Politics of web space and archivability are two issues which I had to grapple with when I began my research on e-petitioning. In my attempt to examine defining characteristics in successful e-petitions, I first decided to do a comparative analysis of successful and unsuccessful e-petitions from two popular e-petitioning websites. But, I soon realized that the two chosen websites do not archive unsuccessful or failed e-petitions. Even though such initial setbacks can be frustrating, they highlight the need for considering certain discrete protocols underneath the largely democratic persona of social media platforms. Despite users’ ability to create content on social media platforms, content production and content ownership are two different cogs in the wheel. Who is the real owner of social media content? If I want to access a post on my blog from five years ago, I should be able to find it in the archives. But how does one find failed e-petitions on free e-petitioning websites? Why would such leading platforms contending for the top spot make such information openly available on their space when it could potentially affect their member base?
So, given the limitation, I decided to focus solely on successful e-petitions and the role of gender and topic in their success. Aside from selecting successful e-petitions based on the self-reported petitioner gender and topic of the e-petition, the seven characteristics delineated in the Foot, Warnick, and Schneider (2005) article on Web-based memorialization would help inform the process of content analyses.
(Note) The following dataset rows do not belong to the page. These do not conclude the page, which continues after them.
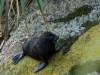 Nouvelle Zélande - Tauranga Bay : seal colony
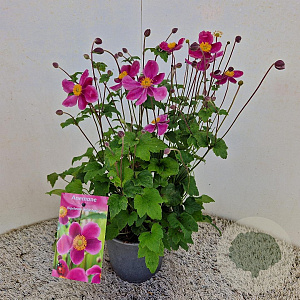Anemone h. 'Splendens' 25-30 cm 2,5L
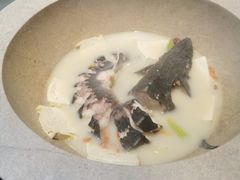 -滇小鱼·云南野生菌火锅(上杭路店)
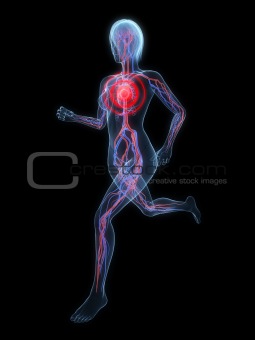 female jogger - vascular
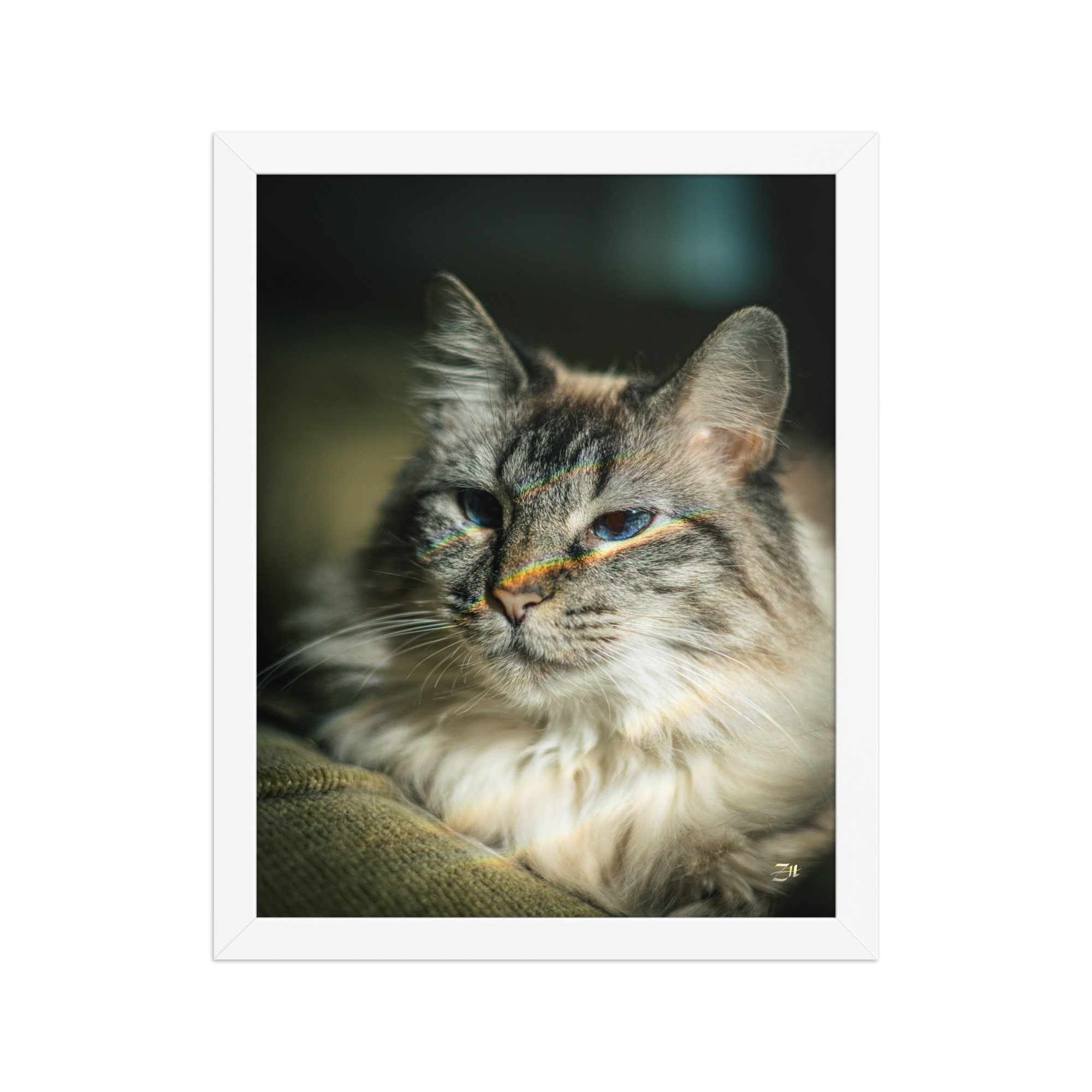 premium luster photo paper framed poster in white 11x14 front 6a97540f7cc5a.jpg premium luster photo paper framed poster in white 11x14 front 6a97540f7cc5a.jpg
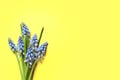 Bouquet of spring muscari flowers on color background, top view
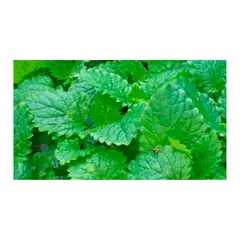 MARINELA - Toronjil - Melissa Officinalis De Exterior Diámetro 14 Cm
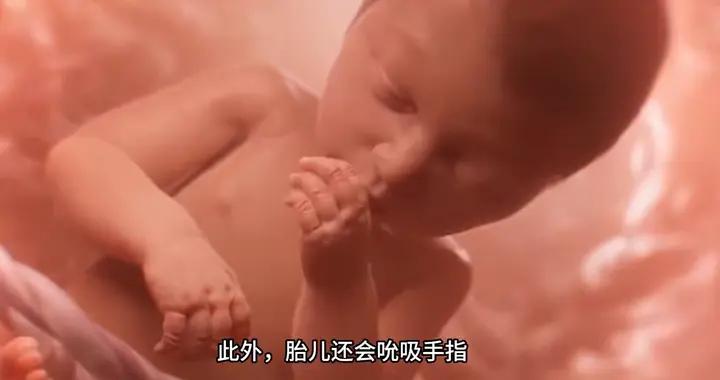 胎寶每天在媽媽子宮不僅睡覺，還會做學7件事，太聰明太可愛了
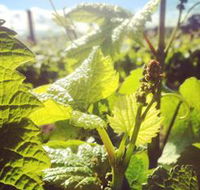 Punt Road Winery - Tourism Gold Coast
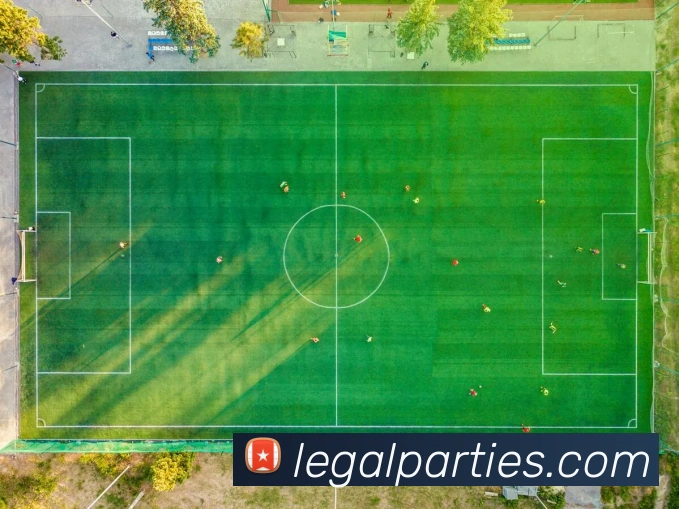 奇异果网页版平台生态图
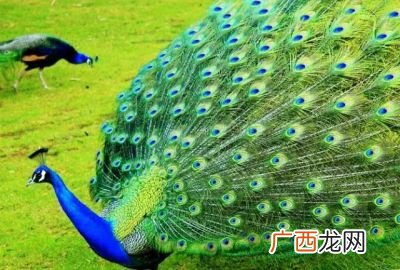 绿孔雀的特点,孔雀菜是紫色好还是青色好？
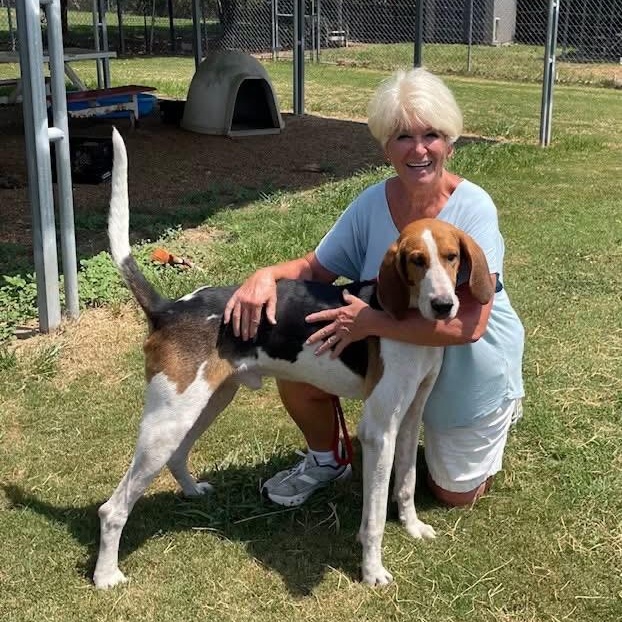 Enlarge Marvin, a Adoptable Treeing Walker Coonhound in Southaven , MS image 1/6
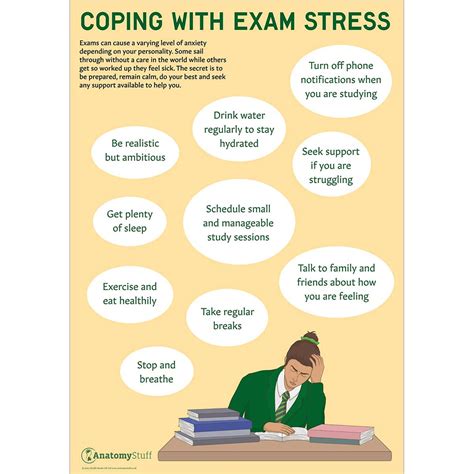 Seeking Support: Resources for Coping with Exam Stress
Aside from the first two dimensions (focus/topic and content producer), the voice of the petition would be a critical parameter in determining whether and to what extent univocal or multivocal content are effective. While univocal narratives are the norm when it comes to petitioning because of the positive impact of a unified voice, it might be interesting to know how multivocal narratives in petitions written by one author affects it success. Furthermore, information on the intended audience and positioning of the affected party would decidedly impact the narrative. The dimension of fixity could be important in learning if fixed or dynamic content in these successful e-petitions affected their outcome in any way. That is, if addition of new content or modification brought about increased number of signatures at a given time? Lastly, immediacy of production could be another factor determining success in addition to the sociopolitical environment. For instance, an e-petition pleading media to boycott Donald Trump would possibly garner more support right now than one urging the food industry to ban GMO ingredients.
Therefore, even though per the assertions of the researchers of the above-mentioned 2005 article that their findings are not generalizable, the proposed framework could be applied to computer-mediated communication phenomena other than Web-based memorializing.